Hi!
I have some code that uses satpy, which in turn uses xarray with dask for computations. The satpy reader works only with local files and insists on using xarray with dask arrays (I didn’t find an option to turn it off). So my reading function looks something like this
store: obstore.store.ObjectStore # some s3 or something
def read_file(name: str) -> xr.Dataset:
# download file to local temporary directory
with tempfile.TemporaryDirectory() as d:
get = store.get(name)
local_path = f'{d}/{name}'
with open(local_path, 'wb+') as f:
for bts in get:
f.write(bts)
# open with satpy as xarray with lazy dask arrays
scene = satpy.Scene([local_path], reader=...)
scene.load(...)
ds = scene.resample(...).to_xarray()
# load into memory and delete the temporary files
return ds.compute()
Now, I would like to map this function over a distributed cluster on kubernetes, followed by some .to_zarr.
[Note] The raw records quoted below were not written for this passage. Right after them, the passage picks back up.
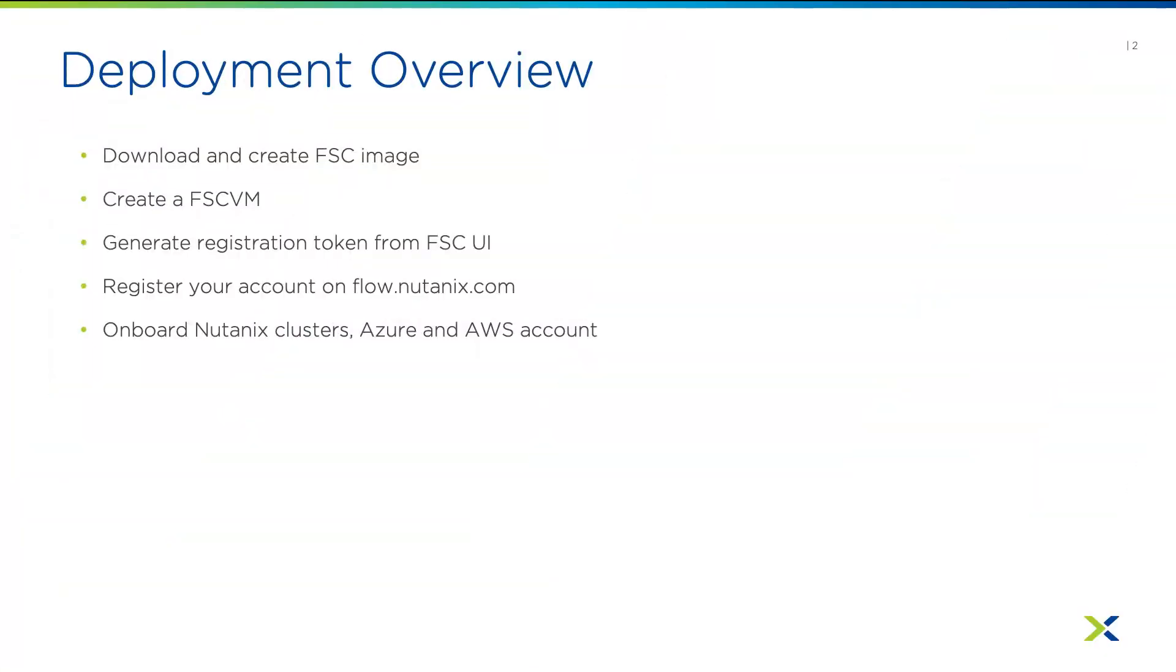This is an overview of steps we will use to deploy Nutanix Security Central. First, you'll need to download the FSC VM QCO2 image from the product page and deploy a virtual machine using the image. Then you will generate a registration token and complete the remaining setup in Security Central SaaS platform.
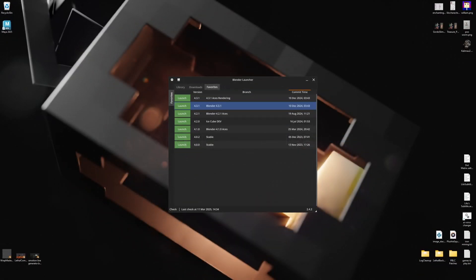Alright, so I've gotten a few questions asking how to actually install the new projects — the rig, asset library, sound library, all of that. So today I'm gonna walk you guys through it.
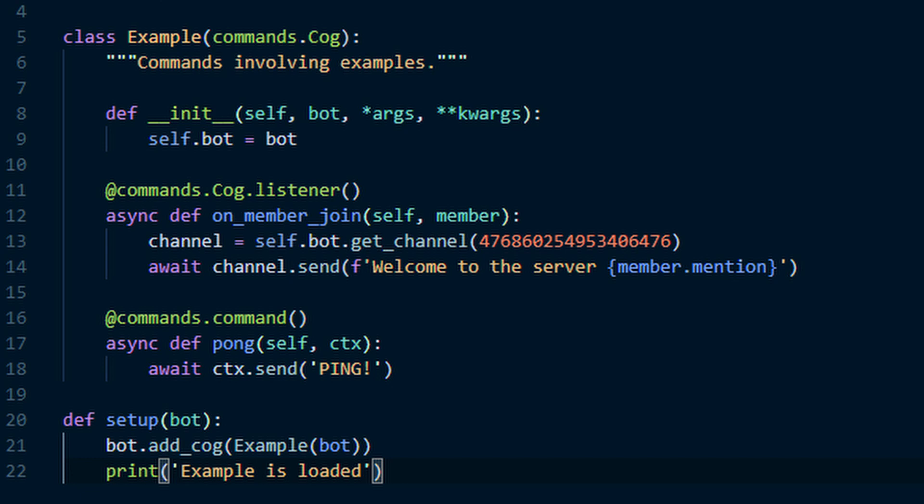Then just to tell us that the cog is loaded, we will do print, the name of your class is loaded. And that's it, your first cog is done. The next time that you start up your bot file, you still just start it up like we did in the last episode. It will automatically load in that cog file now. And all the commands and events will just automatically go into place.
If I do it naively, then each call of read_fileissues about 200 very small tasks to the same distributed client, which is very bad for the following reasons
- there are just too many small tasks, and the distributed scheduler chokes
- the internal tasks of
read_filerelate to a local file which resides on only one worker
So a very simple solution to that would be to use a different dask client for the outer parallelisation, and the inner satpy tasks. My code looks something like this
def read_task(name: str):
with dask.config.set({'scheduler': 'threads', 'num_workers': 1}):
read_file(name).to_zarr(...)
client = dask.distributed.Client('tcp://...kubernetes')
files: list[str]
client.map(read_task, files)
I was thinking that like this, the dask arrays inside read_file should automatically used an adhoc ‘threads’ scheduler managed by the task itself, but it seems that the tasks are still submitted to the outer kubernetes dask.
Do you have any tips how to do this correctly? Essentially to allow the inner tasks to use their own threaded dasks?
Any advice on how to do this in a different way would be appreciated as well.